Which is when I saw the light.
You know how Apple says “there’s an app for that?” Well, they are right, there is an app for that.
A whole new world of possibilities entered into my horizon. The iPhone task-specific apps made my social networking (and general) life much simpler. Not only Twitter and FB, but LinkedIn, Foursquare, Skype, Pandora and more (love the Sushipedia app as well).
When I am mobile (which is frequent), these became must-haves not just “nice to haves.”
So, I realized then and there that I “needed” a new smartphone (mostly because I am on T-mobile and my jailbroken iPhone can’t get 3G speeds).
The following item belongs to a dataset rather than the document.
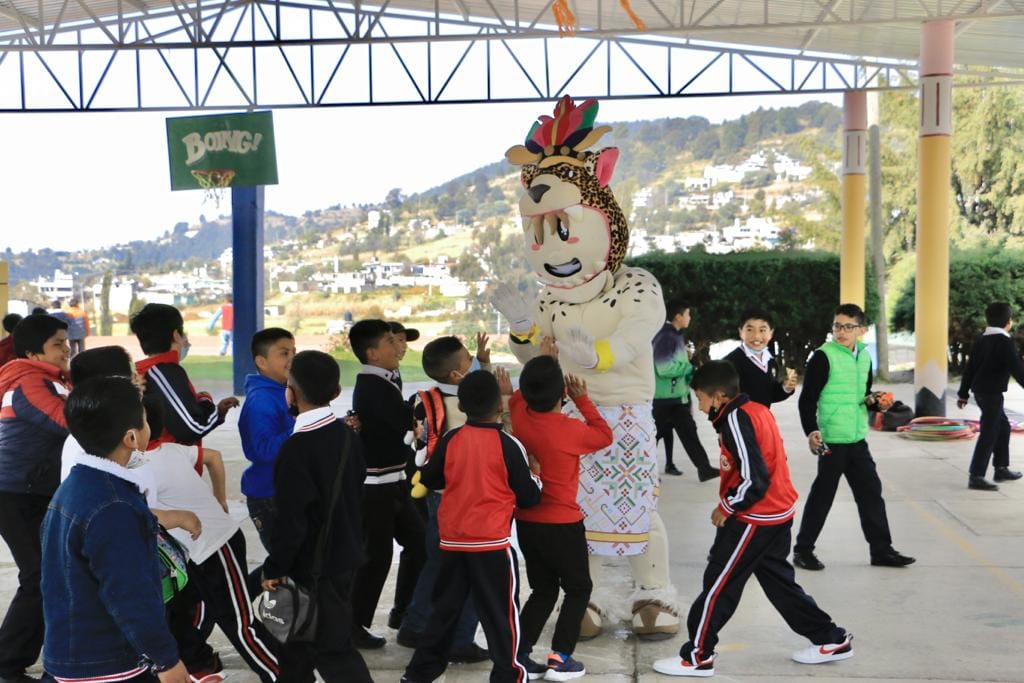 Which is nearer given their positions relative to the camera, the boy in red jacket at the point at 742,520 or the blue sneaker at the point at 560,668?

I didn’t want to change providers so I visited T-mobile and checked out their Windows and Android-based phones.
While the form factors worked (I need a QWERTY keyboard since I am still email intensive and found that I still made too many mistakes on the iPhone virtual one), I kept coming back to the same issue:
The “app Gap” was just too large.
The Android marketplace has something like 15k apps. The iTunes store has something like 100k.
And Windows? I love MSFT and think they do awesome stuff, but it’s a distant third.
I had become too dependent on the apps on the iPhone and started to think “the phone wars may be over for now and Apple may have won them.”
And the data may be supporting that.
- Google is paying providers to drive Android phones.
- Apple is approaching RIM/Blackberry for smartphone dominance (at least according to 1 study).
- 10% of MSFT employees use an iPhone (according to the WSJ)
If you’ve never had a smartphone, getting an Android or Windows phone will do the trick for you. But, if you go up to an iPhone, it’s pretty difficult to come back down to one of the others.
And that’s when I put it all together.
In this classic video, Steve Ballmer rallies the troops and reminds them of who is most important for the future of Windows: “DEVELOPERS! DEVELOPERS! DEVELOPERS!”
Apple is doing on the phone what MSFT did on the desktop.
And, with the recent release of the iPad, I wonder if Apple is taking a “flanking strategy” to get people to see the power of their app gap that way first, which leads them to the iPhone along the same line of experience.
I know MSFT and they won’t go quietly into the night and Google isn’t stupid, so this is far from over, but once smartphones hit some sort of mass adoption and the power of the apps from a mobile perspective become apparent (plus the announcement that Verizon will have iPhones), this should get VERY interesting and fun.